Here’s what all of this actually is.
Nobody’s selling food anymore.
They’re selling the screenshot. The group chat share.
The cannoli helmet, the ferry boat nachos, the edible sauce packet, the crème brûlée crunchwrap, the wing-flavored Espresso Proteini. None of that is lunch.
It’s content with a side of lunch. The food is the media buy.
Guess what? It’s working.
In today’s algorithms weird travels farther than good.
A honey tube goes viral. A mini batting helmet stops the scroll. Taco Bell’s whole 2026 strategy is basically: what if we just keep going?
What if there was no ceiling to food mis-innovation?
We are living in the era of the edible press release.
What a time. What a weird, delicious, completely unhinged time to be alive.
This Week’s Cocktail: The Baja Dirty Ranch Water
Ranch is having a moment. Taco Bell is putting Mountain Dew in a pie. Someone is paying you to bring ranch dressing to Europe. The least we can do is make a drink that matches that same energy.

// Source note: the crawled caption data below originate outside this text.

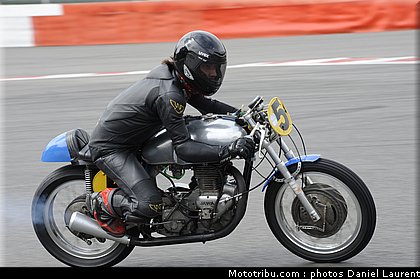 bikers_classics_moto_spa_francorchamps_2011_129.JPG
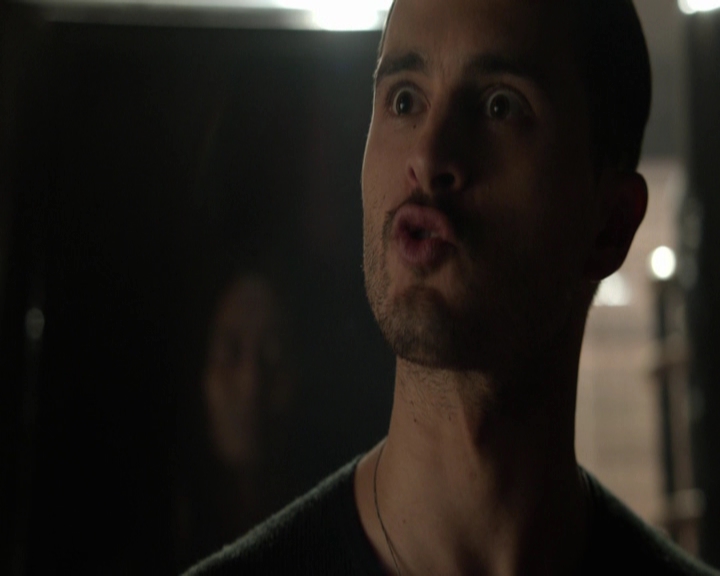 VampireDiariesWorld-dot-nl_S7-dvdextra-GAGReel0156.jpg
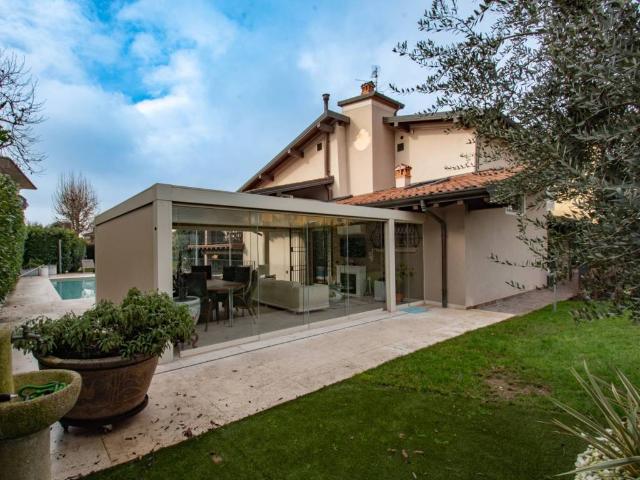 Villa in vendita a Ospitaletto BS
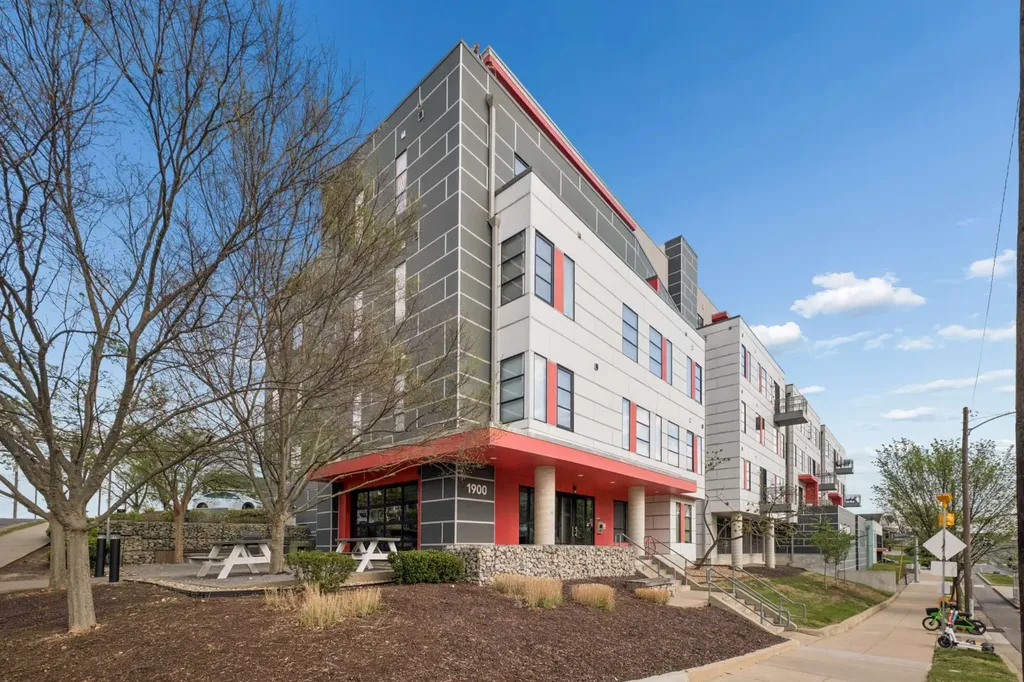1900 12th Ave, S Nashville TN 37203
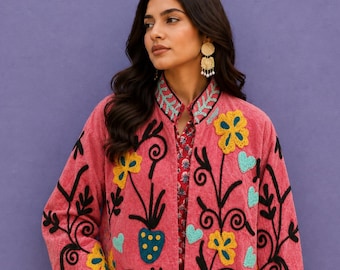 Chaqueta Suzani de terciopelo bordada a mano, abrigo de arte folclórico floral, prenda exterior de estilo bohemio.
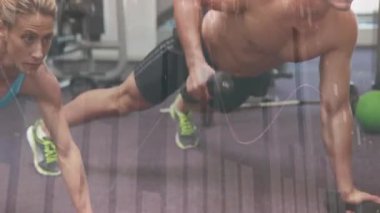 Sporcuların spor salonunda şınav çekmeleri üzerine borsa veri animasyonu. Finans, fitness, teknoloji, hisse senedi ticareti, spor, sağlık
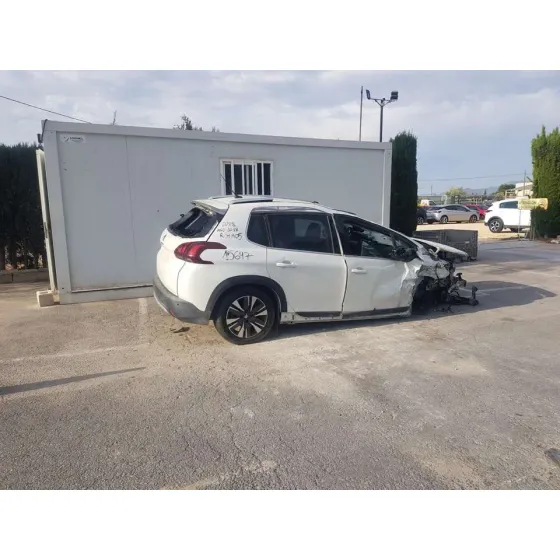 PEUGEOT 2008 (--.2013->) '2018 STYLE BLANCO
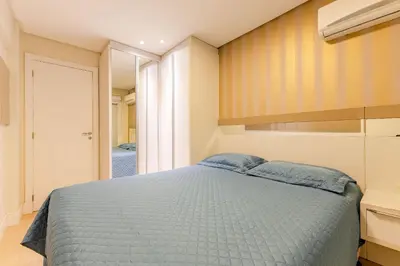 Uma cama ou camas num quarto em Apartamento em Condo com Piscina e Jacuzzi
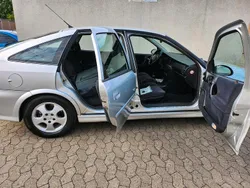 Silber Gebraucht 1999 Opel Vectra Edition Limousine | 2.450 € (Etwas zu teuer)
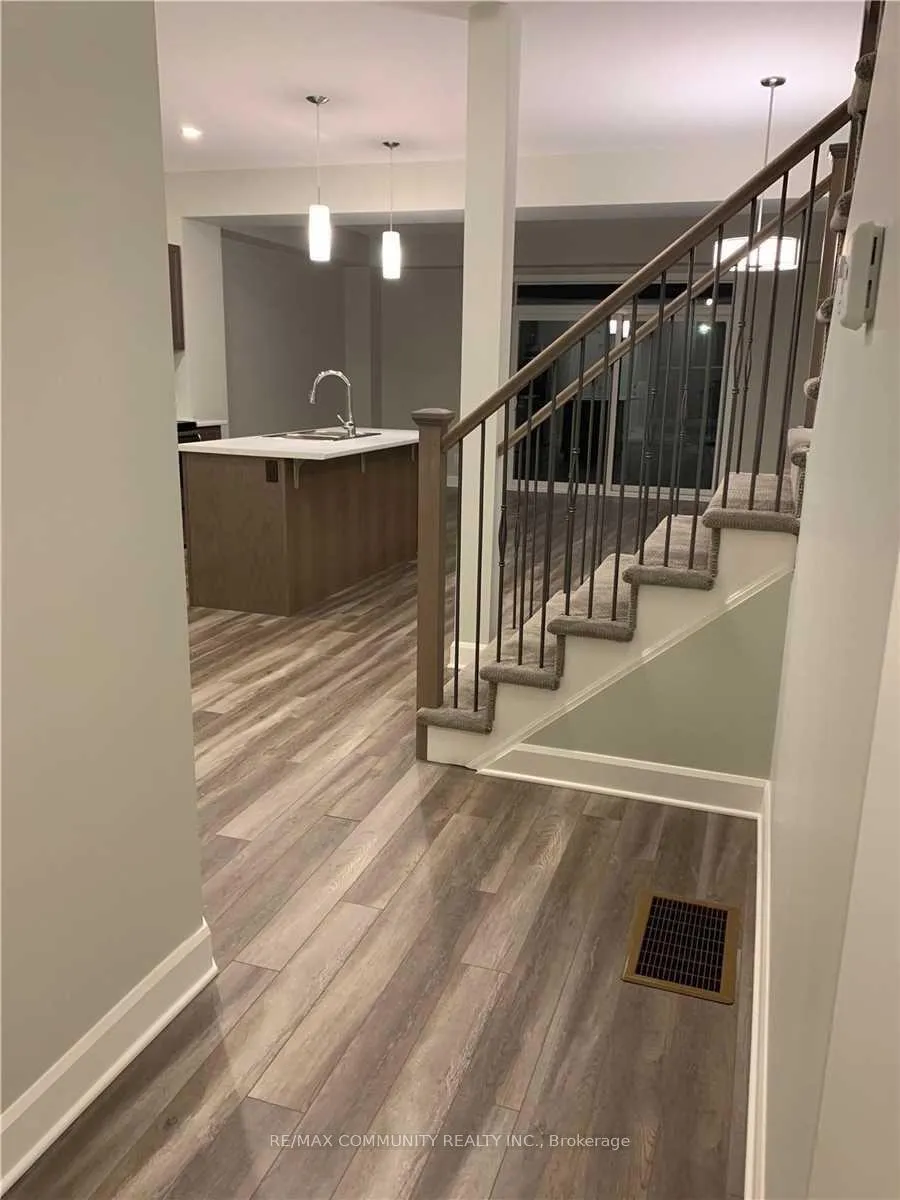 Photo 7 of 1209 Max Crescent, Kingston, City Northwest — HOMEH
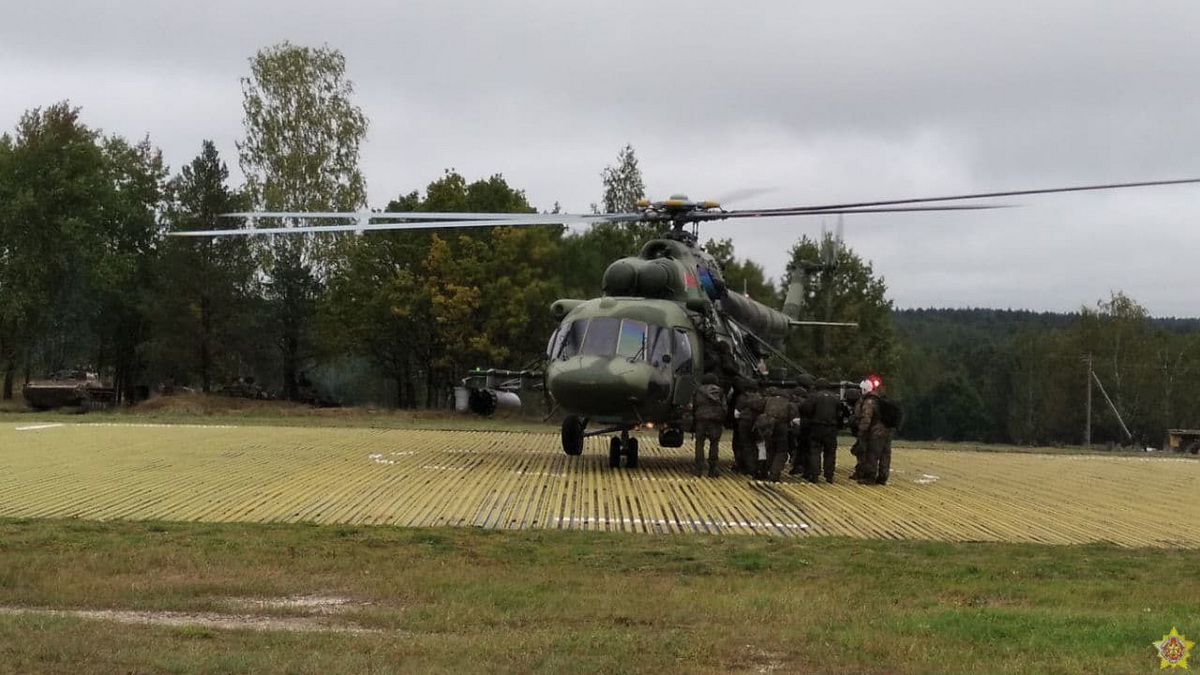 Условного противника уничтожили на полигоне "Лепельский"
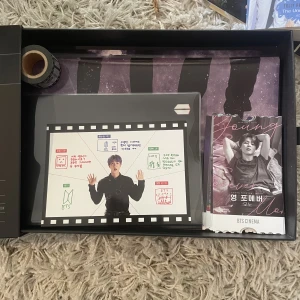 Bts membership merch package  - Köpte BTS medlemskap paket 2020, men nu är det dags att sälja. Allt där i är rört en gång sen laga det tillbaks.   - stor affisch på gänget - userguide (ingen riktig användning dock) - några bilder på var och en medlem tror jag - tejp - review note - bok. Det som fattas är membership kortet eftersom jag har det, the pin som tyvärr ramlade va min väska några år sedan och grejen man har kortet i. 
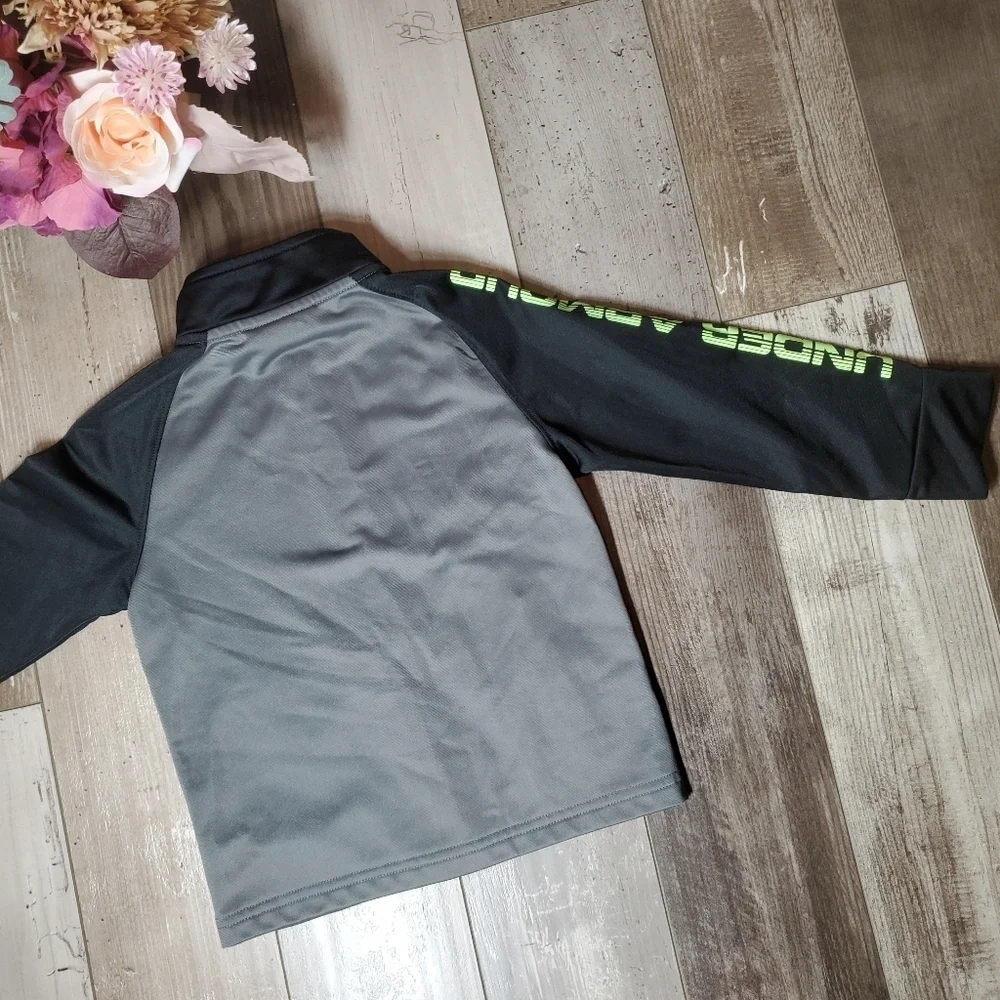 Under Armour Toddler Boy Lightweight Zip-Up Jacket Size 3T Black Gray EUC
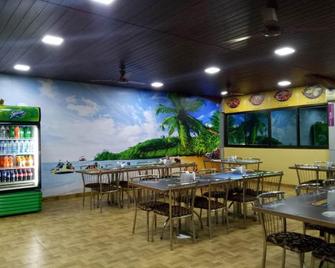 Shree Ganesh Beach Resort - Diveāgar - Restaurant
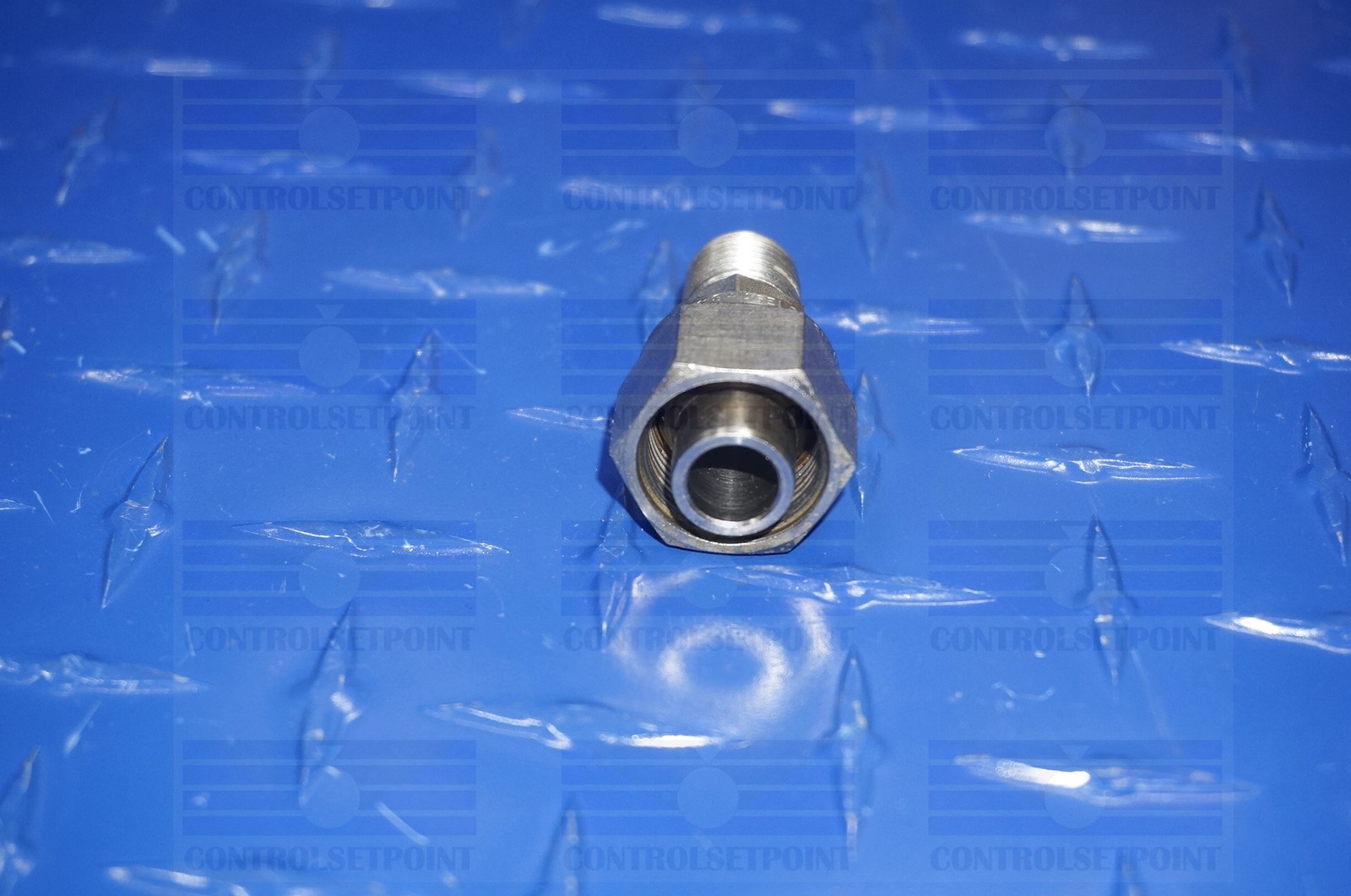 SWAGELOK 1/2″ TUBE MALE TO 1/4″ NPT ADAPTER 316 SST SS-8-TA-1-4 COMPLETE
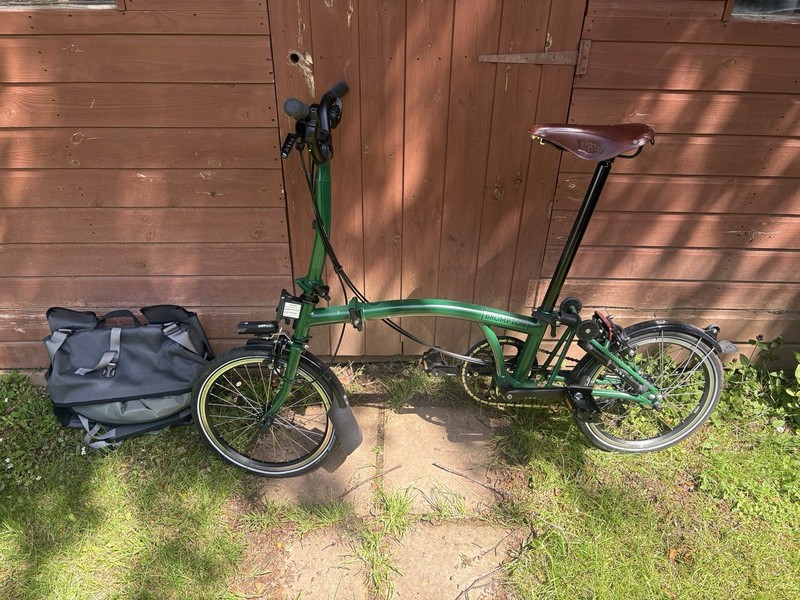 Brompton Folding Bike 16in Green Riser Bar Caliper Brakes Mudguards Rear Rack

The Baja Dirty Ranch Water is not a craft cocktail. It is not even a vibe. It is what happens when a tailgate and a Tuesday night make a bad decision together. It is perfect for this week specifically.
The Baja Dirty Ranch Water
2 oz bourbon
Juice of half a lime
Top with Mountain Dew Zero Sugar
Rocks glass rimmed with a packet of Taco Bell sauce and Tajín spice. Big ice. Squeeze the lime in, pour the bourbon over it, top with Dew, sprinkle a little more of that Tajín like you’re a chef. Don’t stir it, let it be a little chaotic and messy. Garnish with a lime wheel if you’re feeling fancy, which you are not. This is a dare.
Notes: Use a low-shelf bourbon. Nothing too precious. This drink does not reward subtlety.










Okay, the Edible Fire Queso sauce packet is pretty cool. I’ll take that + the Cool Ranch nuggets, please.